Here, religion agrees with science. The personal practice of religion is with the intent of bringing a person to wisdom. To be a scientifically-minded person is to seek knowledge. Wisdom and knowledge are each species of awareness. Both science and religion are ways of thinking that direct minds to an increase in awareness.

At this point, you could begin to disagree with me very strongly, but your only basis for disagreement would be in support of your own chosen position. If you are a believer in science, your disagreement might be that science directs your mind to awareness and religion doesn’t. And if you’re a religious person, you might say that religion makes you aware, but all those science-headed folks are not aware at all.

Thus we have one of the world’s oldest and most stubborn debates with the people on both sides pointing at the other side and saying, “those people just aren’t right!”

Am I laughing at you? Not really. I’m trying to get you to laugh with me. I’m trying to get you to see how ridiculous it is to continue disliking each other over something so subjective as the fact that we each take different paths to wisdom. Wisdom isn’t really a single destination after all. Wisdom is a process. If wisdom were something that just sits there doing nothing except saying, “Come to me, for I am Wisdom” then what good would it be? No, wisdom is a tool that a wise person uses for the many purposes involved in the living of a wise life.

The one thing that wisdom does not ask of you is that you become unaware.

Part of me is reluctant to appear to be holding your hand as I walk you through baby-steps to this important realization. It’s the part of me that is reluctant to insult your intelligence. I’m not smarter than you are. In fact there’s every possibility that you are smarter than I am. I am not writing this article in this way because I think I’m smarter than you are. I am writing this article in this way because of the type of specialist I am. Even though you may very well be much smarter than I, you also may have the need of my specialized professional services to do for you what you don’t know how to do for yourself.

I’m a mechanic.

I’m a specialty mechanic. In the current context, I am applying what I know as a specialty mechanic to a thought problem.

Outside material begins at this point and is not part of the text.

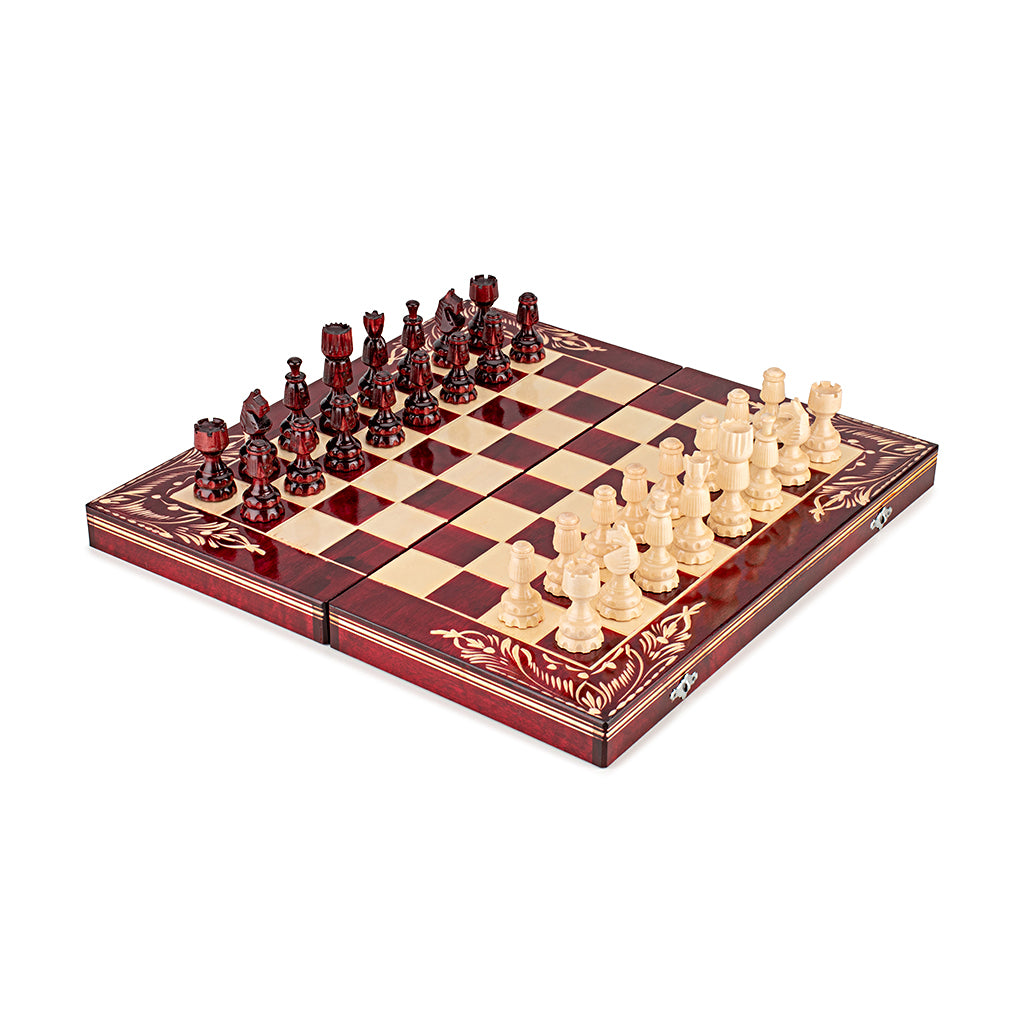 Chess Set - Red Hand-Carved Set - 44 cm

I know something that all mechanics know: there is no single tool that does every job. The next couple of paragraphs are going to illustrate and expand upon that point, eventually to tie that point in to the main topic of this entry. If you already know that one tool doesn’t do all jobs, you could skip a couple of paragraphs at this point—unless of course you enjoy reading as much as I enjoy writing.

I’m applying the idea of a tool to more than the common ideas of what tools are, but I believe the logic works in the same way and that it will be a useful thing to make an analogy between physical tools and thought-tools. Starting with common tools, a hammer doesn’t do what a screwdriver does, nor is a screwdriver a good hammer. You could use a screwdriver as a temporary hammer, but it won’t be a very good hammer. You can find a hybrid tool that is a hammer at one end and a screwdriver at the other end, but none of these is either a very good hammer OR a very good screwdriver. The best tools are highly specialized tools, made to do one thing well.

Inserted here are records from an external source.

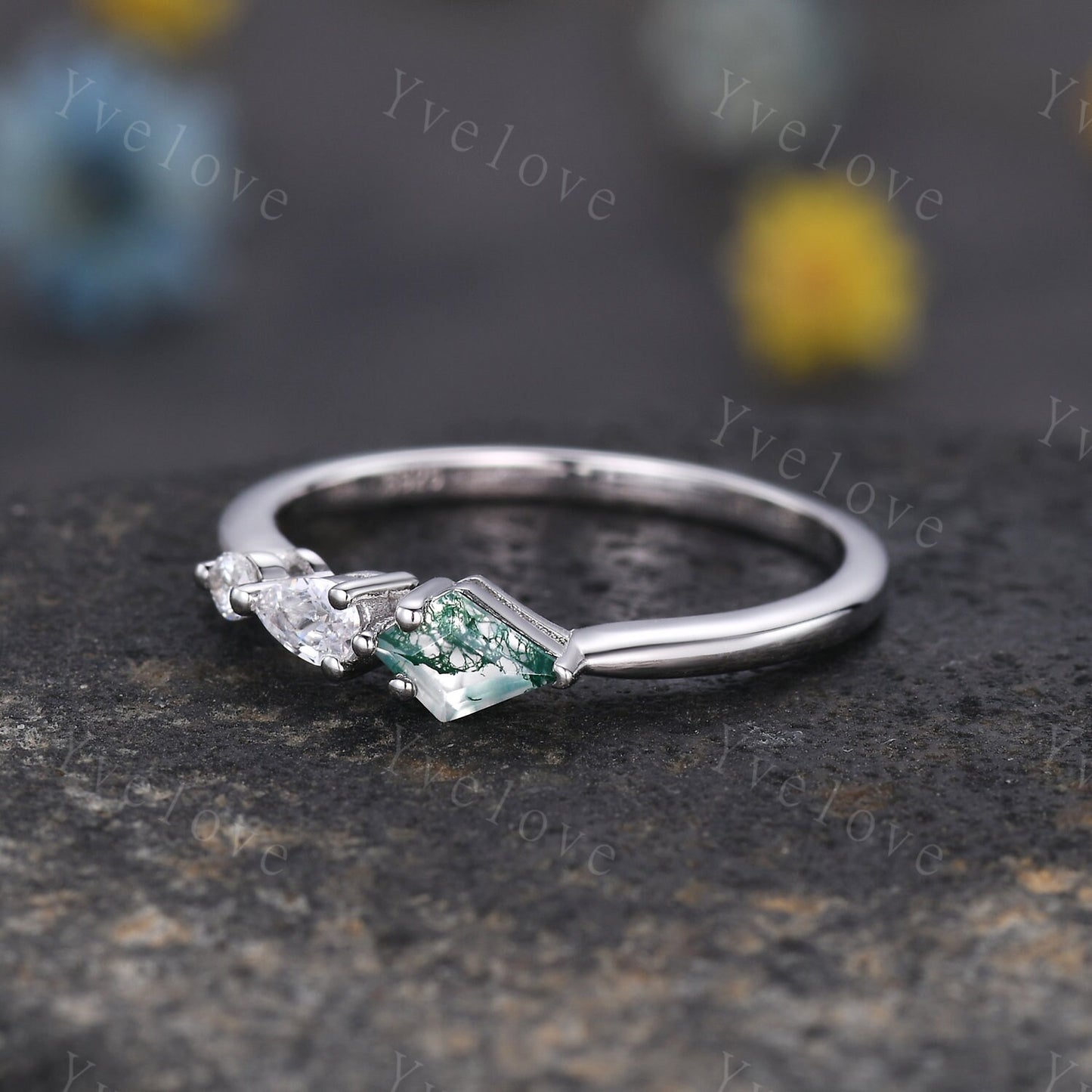 Unique Moss Agate Engagement Ring,Kite Cut Gems,Art Deco Moissanite Wedding Band,3 Stone Unique Women Bridal Promise Ring,Customized Gift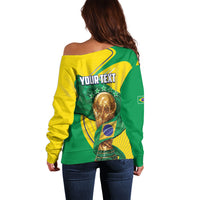 Personalized Brazil Football 2026 Off Shoulder Sweater Born for Glory Let Champions Rise
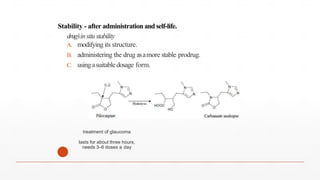 Stability - after administration and self-life.
drug’
sinsitustability
A. modifyingits structure.
B. administering the drug asamore stable prodrug.
C. usingasuitabledosage form.
treatment of glaucoma
lasts for about three hours,
needs 3–6 doses a day
45
 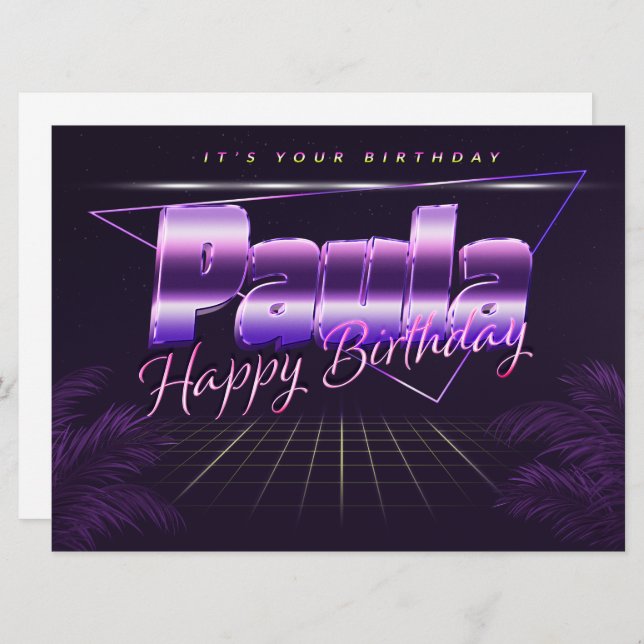 Paula Name first name retro lilac card birthday (Front/Back)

And the most accomplished humans are those who have the knowledge and the skill to do one thing very well. However, I’m not comparing a human to a tool. Each of us is a beautiful, unique, sensitive, loving, caring individual. It’s only the people who don’t know us well who tend to think of us as tools to be used for a certain purpose. If you are any type of specialist, you get used to having people think of you this way. You never really learn to enjoy having your human-ness undervalued in this way, but at the same time, it’s nice to be recognized for your skills. No one really likes being objectified, but being thought of as an object is better than not being thought of at all.

A hammer is a tool for pounding, a wrench is a tool for gripping and applying leverage, an automobile is a tool for transporting, a tuba is a tool for making a bass sound in a band that has a horn section. A pan is a tool for transferring heat in a controlled way from a fire to some substance that needs to be heated in a controlled fashion and all the various areas of learning are tools for thinking in a controlled fashion.

Now, even if (and it’s a very big if) science is the thought-tool that helps us better understand every aspect of our physical world, science still doesn’t do much to help us understand our own awareness and our own feelings. Science is a tool. There are many specialized sciences, each of them a good tool for one type of thought; each of them not much good outside of their own specialties.

A “new” science was created many years ago—called “philosophy”—to be an area of study that could link the other specialized sciences into a greater study of knowledge-in-general.

And verily, philosophy did go forth and yon in such ways that the thing designed to bring thinkers together became many things that keep thinkers apart, and behold there came to be realism and idealism and existentialism and antidisestablishmentarianism and (as John Lennon sang) ism, ism, ism, proving to us all that we could continue to disagree despite all attempts to unite.

Some systems of philosophy were somewhat successful at unifying sciences. But philosophy’s ego became swollen by its successes and philosophy began to suppose that it could treat spirituality as just another science. Spirituality IS NOT the same sort of science as logic, mathematics or chemistry, primarily because the variables in spirituality are too diverse and it is quite short-sighted to apply the spiritual “equations” that work for one person to another person. We each have our own sets of experiences and our own sets of observations and feelings about our experiences. If you look at it honestly (many people don’t) you understand that the primary concern of any person’s spiritual life has to do with “feeling right” toward one’s own existence.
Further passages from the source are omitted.